[Given information]
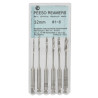 Mani Gates Glidden Drills and Peeso Reamers & 32 mm Peeso Reamers 1~6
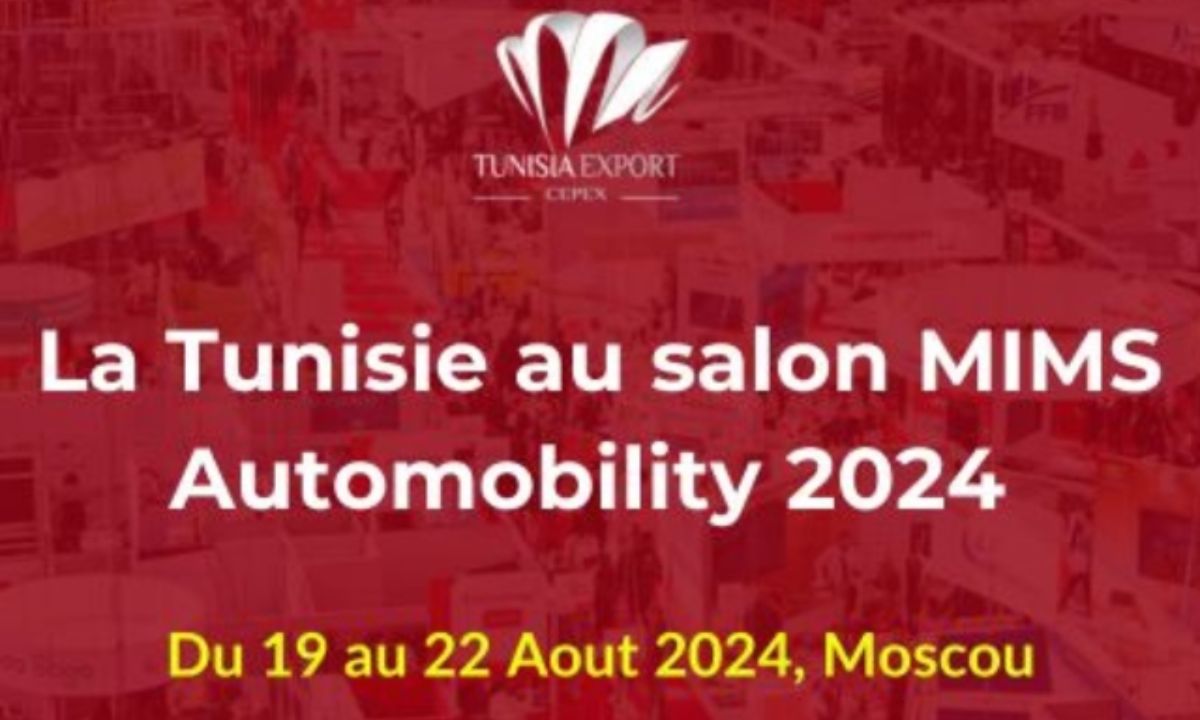 La Tunisie participera bientôt au Salon des Industries Automobiles à Moscou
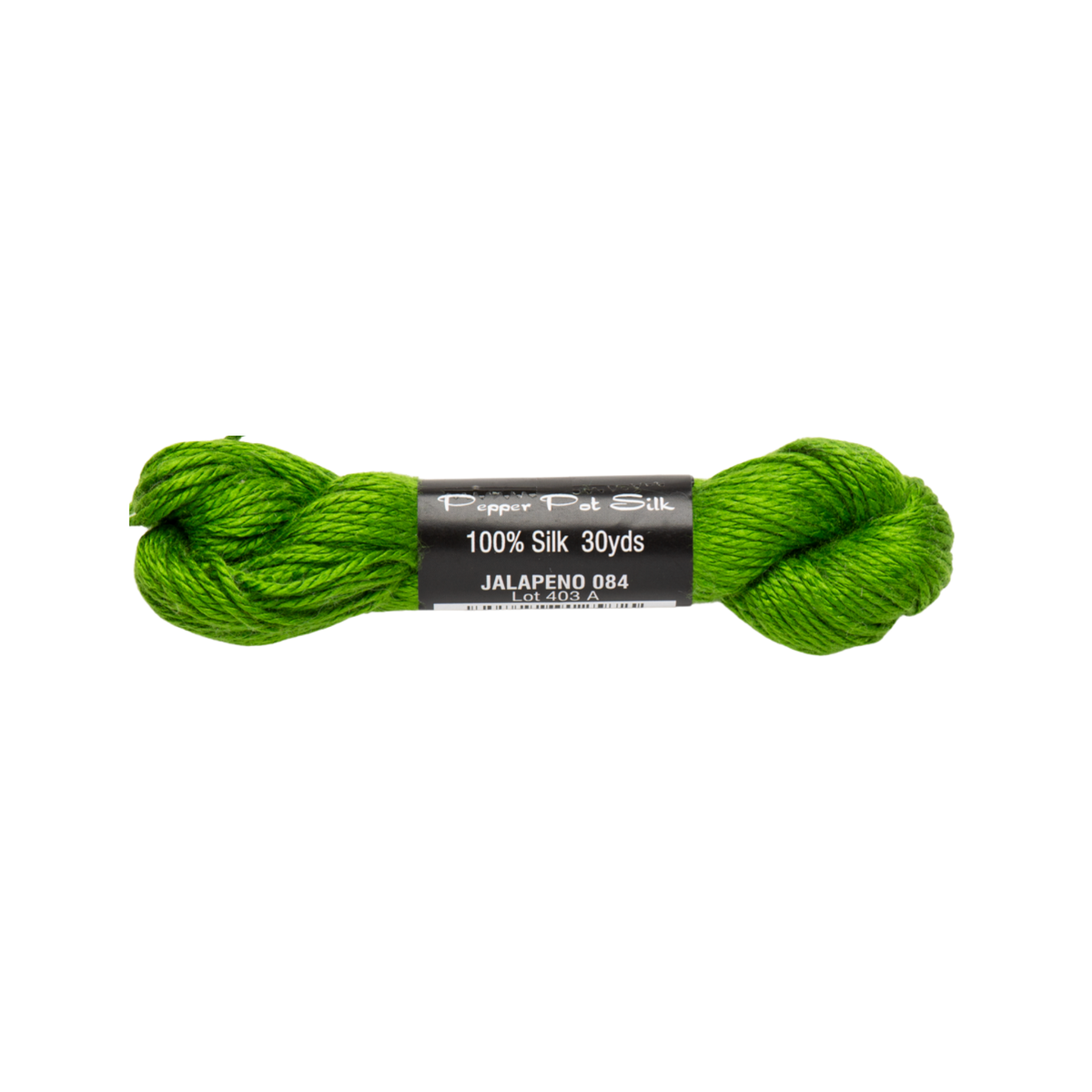 Pepper Pot Silk Thread -  Jalapeno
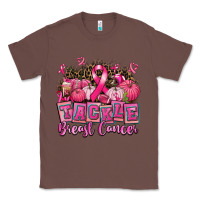 Chestnut tackle breast cancer with pumpkin Classic Tee - AdoDesignShop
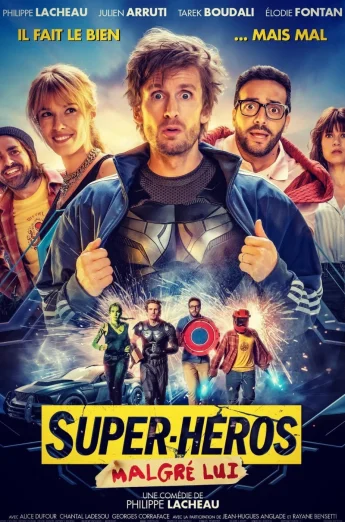 ดูหนัง Superwho (2021) ซูเปอร์ฮู ฮีโร่ฮีรั่ว (เต็มเรื่อง HD)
[/Given information]
▶ _Exercise requirements_
Copy each entry exactly, with no pictures.

▶ _Solution for this task_
 Mani Gates Glidden Drills and Peeso Reamers & 32 mm Peeso Reamers 1~6
 La Tunisie participera bientôt au Salon des Industries Automobiles à Moscou
 Pepper Pot Silk Thread -  Jalapeno
 Chestnut tackle breast cancer with pumpkin Classic Tee - AdoDesignShop
 ดูหนัง Superwho (2021) ซูเปอร์ฮู ฮีโร่ฮีรั่ว (เต็มเรื่อง HD)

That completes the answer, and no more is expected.